### Your goal:
Look through the records below for the line with "Inzolia as Spoken by Marilena Barbera" and the line with "Мой хозяин - идиот!!", then return those lines and all lines between, exactly.

Data extracted from a collection
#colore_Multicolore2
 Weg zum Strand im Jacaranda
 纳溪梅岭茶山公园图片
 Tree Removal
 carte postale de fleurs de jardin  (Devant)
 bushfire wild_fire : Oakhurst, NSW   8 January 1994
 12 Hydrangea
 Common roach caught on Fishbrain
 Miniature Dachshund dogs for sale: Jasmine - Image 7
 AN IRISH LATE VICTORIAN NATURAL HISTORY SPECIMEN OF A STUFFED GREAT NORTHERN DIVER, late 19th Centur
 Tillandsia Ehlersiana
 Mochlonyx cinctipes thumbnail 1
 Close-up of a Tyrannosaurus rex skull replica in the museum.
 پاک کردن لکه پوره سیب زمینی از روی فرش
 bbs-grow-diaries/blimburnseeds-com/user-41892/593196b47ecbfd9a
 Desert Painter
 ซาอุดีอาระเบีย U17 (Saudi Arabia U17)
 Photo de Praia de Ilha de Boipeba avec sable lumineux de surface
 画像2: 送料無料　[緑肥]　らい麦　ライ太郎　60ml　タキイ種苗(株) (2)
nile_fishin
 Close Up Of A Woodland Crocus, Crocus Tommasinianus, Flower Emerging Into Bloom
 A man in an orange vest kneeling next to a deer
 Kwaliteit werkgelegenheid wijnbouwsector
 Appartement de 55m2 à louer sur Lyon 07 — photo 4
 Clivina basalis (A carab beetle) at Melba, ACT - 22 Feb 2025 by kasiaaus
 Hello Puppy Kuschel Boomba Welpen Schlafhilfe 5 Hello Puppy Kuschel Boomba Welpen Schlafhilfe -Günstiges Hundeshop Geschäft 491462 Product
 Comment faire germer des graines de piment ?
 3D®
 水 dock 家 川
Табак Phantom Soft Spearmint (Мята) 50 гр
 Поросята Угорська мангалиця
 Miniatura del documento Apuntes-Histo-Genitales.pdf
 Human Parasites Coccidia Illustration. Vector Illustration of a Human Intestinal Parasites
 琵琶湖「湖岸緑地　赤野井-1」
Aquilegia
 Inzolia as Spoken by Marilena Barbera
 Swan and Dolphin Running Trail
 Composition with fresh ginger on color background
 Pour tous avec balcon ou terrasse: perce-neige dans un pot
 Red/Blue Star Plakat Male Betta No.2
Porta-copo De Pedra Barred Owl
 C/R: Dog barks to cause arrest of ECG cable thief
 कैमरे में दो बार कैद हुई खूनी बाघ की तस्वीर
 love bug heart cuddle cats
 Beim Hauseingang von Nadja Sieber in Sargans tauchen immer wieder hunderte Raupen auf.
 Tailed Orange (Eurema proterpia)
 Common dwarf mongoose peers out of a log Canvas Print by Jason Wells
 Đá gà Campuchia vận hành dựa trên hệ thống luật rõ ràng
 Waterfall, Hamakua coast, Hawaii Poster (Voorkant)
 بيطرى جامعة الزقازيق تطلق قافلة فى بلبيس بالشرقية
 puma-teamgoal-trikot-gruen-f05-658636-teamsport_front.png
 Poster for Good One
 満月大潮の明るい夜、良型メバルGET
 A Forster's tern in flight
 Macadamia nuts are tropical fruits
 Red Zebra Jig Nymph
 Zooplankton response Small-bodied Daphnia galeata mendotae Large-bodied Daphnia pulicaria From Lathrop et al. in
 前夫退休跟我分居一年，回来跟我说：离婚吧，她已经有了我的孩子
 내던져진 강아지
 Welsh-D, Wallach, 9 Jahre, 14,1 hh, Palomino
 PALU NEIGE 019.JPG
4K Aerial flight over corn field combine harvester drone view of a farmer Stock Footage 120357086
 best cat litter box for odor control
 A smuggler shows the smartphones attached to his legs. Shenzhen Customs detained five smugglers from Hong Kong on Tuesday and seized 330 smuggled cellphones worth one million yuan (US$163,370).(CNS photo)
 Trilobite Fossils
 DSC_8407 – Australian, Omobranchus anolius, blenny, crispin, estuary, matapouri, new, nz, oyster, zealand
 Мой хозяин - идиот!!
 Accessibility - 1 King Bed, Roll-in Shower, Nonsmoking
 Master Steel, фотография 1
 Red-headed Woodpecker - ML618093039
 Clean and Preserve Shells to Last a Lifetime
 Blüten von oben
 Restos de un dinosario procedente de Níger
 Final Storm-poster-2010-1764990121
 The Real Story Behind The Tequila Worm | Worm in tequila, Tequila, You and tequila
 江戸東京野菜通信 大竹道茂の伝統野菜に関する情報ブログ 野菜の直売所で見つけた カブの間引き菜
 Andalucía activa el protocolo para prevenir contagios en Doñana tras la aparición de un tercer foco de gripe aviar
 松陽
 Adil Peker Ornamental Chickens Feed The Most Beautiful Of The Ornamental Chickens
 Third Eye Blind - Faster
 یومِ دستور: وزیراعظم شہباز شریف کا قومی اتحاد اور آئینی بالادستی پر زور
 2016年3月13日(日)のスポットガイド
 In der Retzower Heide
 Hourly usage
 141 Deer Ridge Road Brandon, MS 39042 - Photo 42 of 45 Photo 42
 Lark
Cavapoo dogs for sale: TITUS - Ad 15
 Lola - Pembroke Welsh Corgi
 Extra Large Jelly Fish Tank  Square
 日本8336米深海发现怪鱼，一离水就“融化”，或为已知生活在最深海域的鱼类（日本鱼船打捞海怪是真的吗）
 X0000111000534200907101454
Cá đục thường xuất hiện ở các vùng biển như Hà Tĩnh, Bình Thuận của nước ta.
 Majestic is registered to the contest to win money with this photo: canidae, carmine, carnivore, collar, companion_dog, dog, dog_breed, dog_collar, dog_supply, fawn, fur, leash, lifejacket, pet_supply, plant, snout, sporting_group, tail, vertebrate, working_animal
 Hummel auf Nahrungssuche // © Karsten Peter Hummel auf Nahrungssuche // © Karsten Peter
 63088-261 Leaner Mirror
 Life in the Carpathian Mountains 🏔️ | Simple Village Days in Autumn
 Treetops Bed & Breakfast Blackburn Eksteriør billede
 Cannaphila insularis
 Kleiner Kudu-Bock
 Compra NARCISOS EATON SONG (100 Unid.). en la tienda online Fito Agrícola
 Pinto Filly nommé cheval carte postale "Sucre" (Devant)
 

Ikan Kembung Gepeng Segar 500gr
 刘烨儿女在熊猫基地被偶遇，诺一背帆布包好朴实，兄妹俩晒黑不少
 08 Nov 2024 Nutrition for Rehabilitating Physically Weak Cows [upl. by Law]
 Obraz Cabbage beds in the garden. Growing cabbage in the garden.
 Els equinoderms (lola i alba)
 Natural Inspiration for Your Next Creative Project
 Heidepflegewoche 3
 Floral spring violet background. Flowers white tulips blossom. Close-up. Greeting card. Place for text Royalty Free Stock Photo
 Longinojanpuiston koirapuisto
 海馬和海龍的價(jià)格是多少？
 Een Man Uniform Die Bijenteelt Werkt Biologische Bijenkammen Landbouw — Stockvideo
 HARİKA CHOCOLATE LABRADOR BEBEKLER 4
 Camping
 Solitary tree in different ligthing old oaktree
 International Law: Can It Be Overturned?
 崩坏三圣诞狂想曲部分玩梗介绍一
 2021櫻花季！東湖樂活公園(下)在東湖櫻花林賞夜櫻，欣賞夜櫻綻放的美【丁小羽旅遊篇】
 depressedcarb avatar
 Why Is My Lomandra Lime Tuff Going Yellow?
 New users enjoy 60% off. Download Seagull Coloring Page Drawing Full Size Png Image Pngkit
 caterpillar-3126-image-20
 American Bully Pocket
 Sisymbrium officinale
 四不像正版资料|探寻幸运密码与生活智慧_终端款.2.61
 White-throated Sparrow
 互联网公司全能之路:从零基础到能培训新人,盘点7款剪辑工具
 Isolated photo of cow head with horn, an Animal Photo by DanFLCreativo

### Worked solution:
 Inzolia as Spoken by Marilena Barbera
 Swan and Dolphin Running Trail
 Composition with fresh ginger on color background
 Pour tous avec balcon ou terrasse: perce-neige dans un pot
 Red/Blue Star Plakat Male Betta No.2
Porta-copo De Pedra Barred Owl
 C/R: Dog barks to cause arrest of ECG cable thief
 कैमरे में दो बार कैद हुई खूनी बाघ की तस्वीर
 love bug heart cuddle cats
 Beim Hauseingang von Nadja Sieber in Sargans tauchen immer wieder hunderte Raupen auf.
 Tailed Orange (Eurema proterpia)
 Common dwarf mongoose peers out of a log Canvas Print by Jason Wells
 Đá gà Campuchia vận hành dựa trên hệ thống luật rõ ràng
 Waterfall, Hamakua coast, Hawaii Poster (Voorkant)
 بيطرى جامعة الزقازيق تطلق قافلة فى بلبيس بالشرقية
 puma-teamgoal-trikot-gruen-f05-658636-teamsport_front.png
 Poster for Good One
 満月大潮の明るい夜、良型メバルGET
 A Forster's tern in flight
 Macadamia nuts are tropical fruits
 Red Zebra Jig Nymph
 Zooplankton response Small-bodied Daphnia galeata mendotae Large-bodied Daphnia pulicaria From Lathrop et al. in
 前夫退休跟我分居一年，回来跟我说：离婚吧，她已经有了我的孩子
 내던져진 강아지
 Welsh-D, Wallach, 9 Jahre, 14,1 hh, Palomino
 PALU NEIGE 019.JPG
4K Aerial flight over corn field combine harvester drone view of a farmer Stock Footage 120357086
 best cat litter box for odor control
 A smuggler shows the smartphones attached to his legs. Shenzhen Customs detained five smugglers from Hong Kong on Tuesday and seized 330 smuggled cellphones worth one million yuan (US$163,370).(CNS photo)
 Trilobite Fossils
 DSC_8407 – Australian, Omobranchus anolius, blenny, crispin, estuary, matapouri, new, nz, oyster, zealand
 Мой хозяин - идиот!!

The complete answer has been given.